About this exercise:
Return the lines of the data below starting at the one holding "Dámsky prsteň prírodný" and ending at the one holding "Natural Agate Beads, 12mm, Round", word for word, leaving every picture out.

Task material:
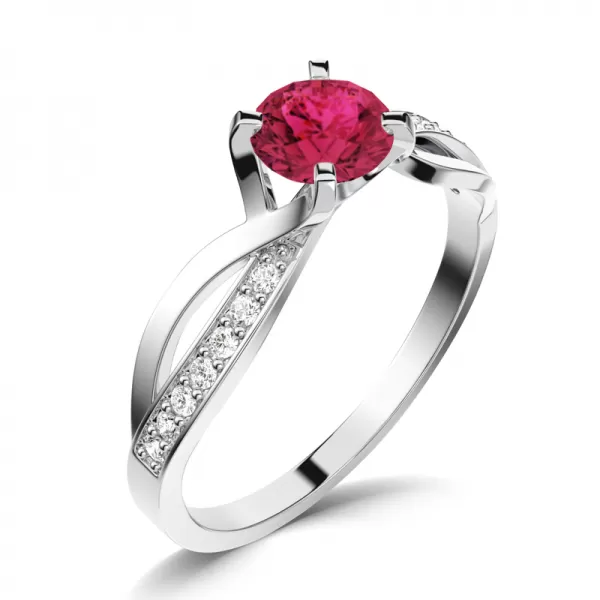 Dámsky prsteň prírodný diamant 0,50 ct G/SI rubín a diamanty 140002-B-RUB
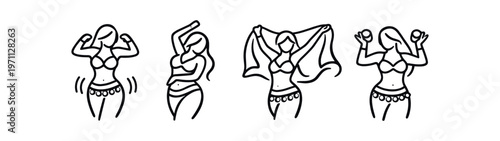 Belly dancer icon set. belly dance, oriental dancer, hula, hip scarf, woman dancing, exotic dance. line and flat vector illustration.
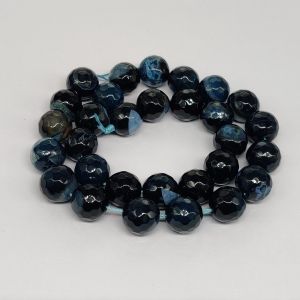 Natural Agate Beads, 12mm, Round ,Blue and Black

---

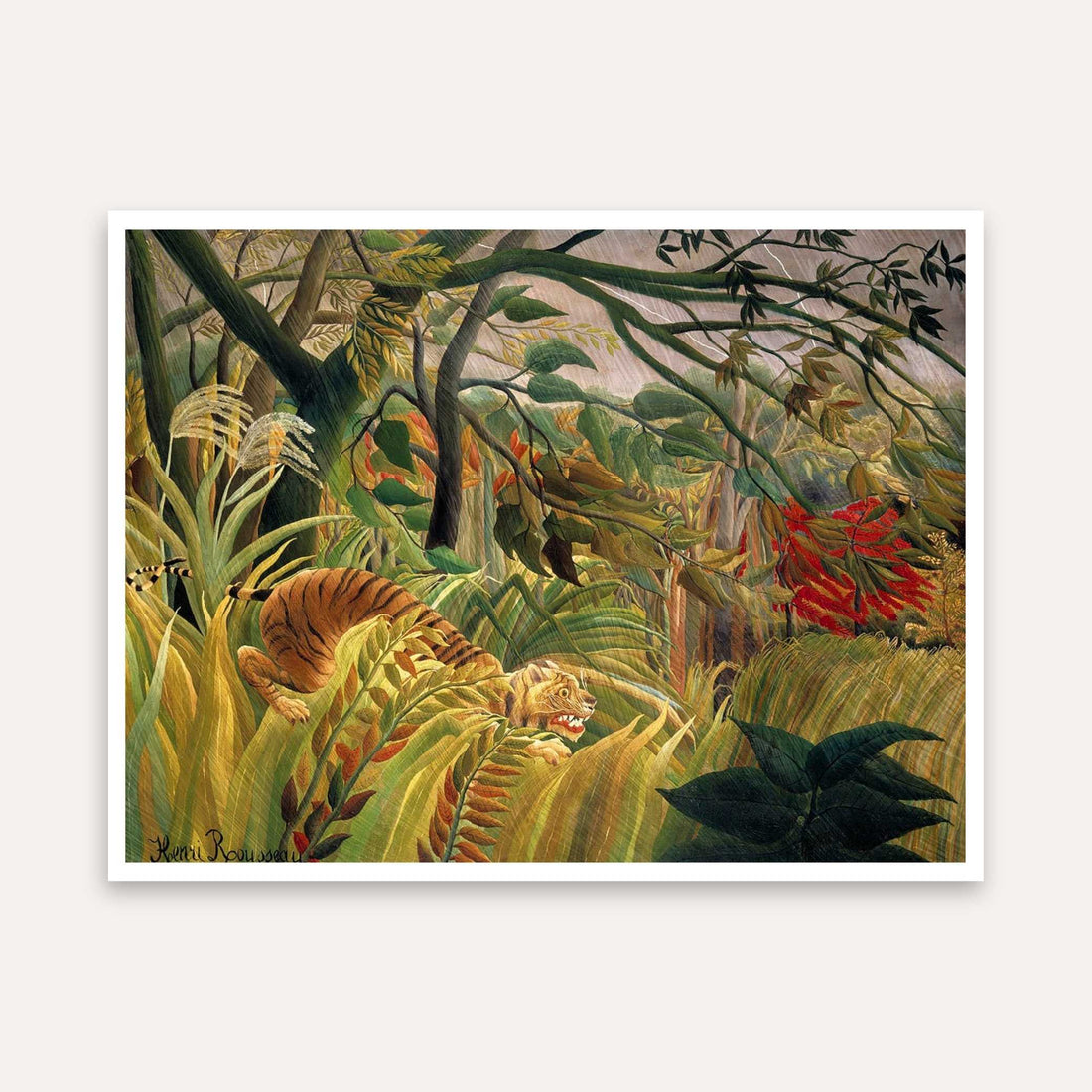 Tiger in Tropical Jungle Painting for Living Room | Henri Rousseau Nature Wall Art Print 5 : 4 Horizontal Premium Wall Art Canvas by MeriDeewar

==

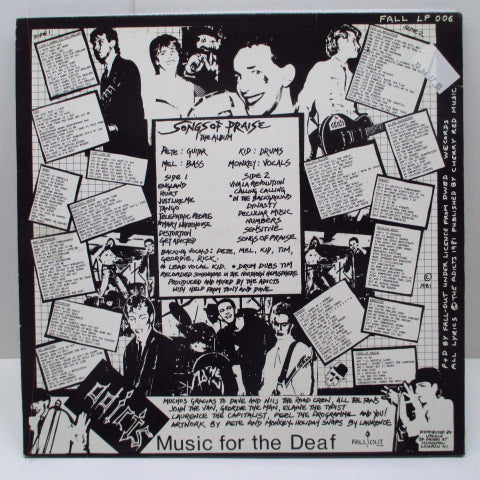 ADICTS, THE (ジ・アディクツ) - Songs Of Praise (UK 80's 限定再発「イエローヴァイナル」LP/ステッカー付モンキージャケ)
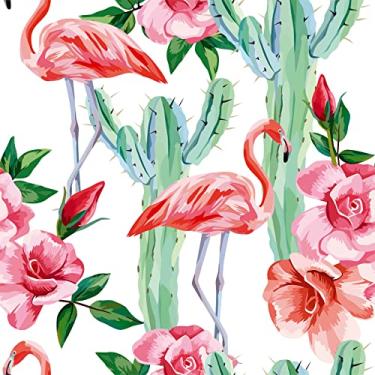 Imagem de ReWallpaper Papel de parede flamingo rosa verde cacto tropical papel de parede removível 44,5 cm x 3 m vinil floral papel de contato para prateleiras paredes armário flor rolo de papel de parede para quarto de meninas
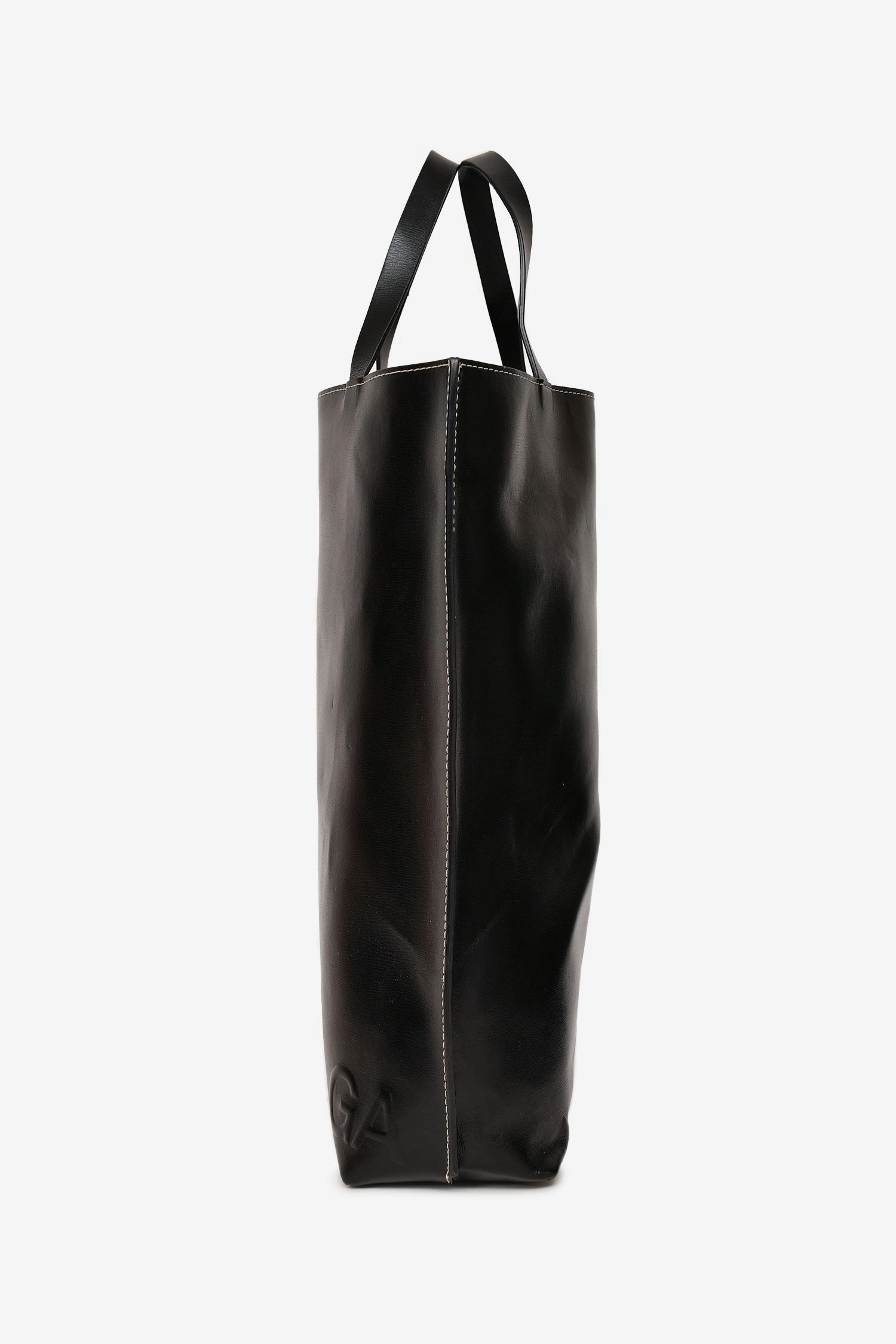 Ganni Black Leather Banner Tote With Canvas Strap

Result below:
 Dámsky prsteň prírodný diamant 0,50 ct G/SI rubín a diamanty 140002-B-RUB
 Belly dancer icon set. belly dance, oriental dancer, hula, hip scarf, woman dancing, exotic dance. line and flat vector illustration.
 Natural Agate Beads, 12mm, Round ,Blue and Black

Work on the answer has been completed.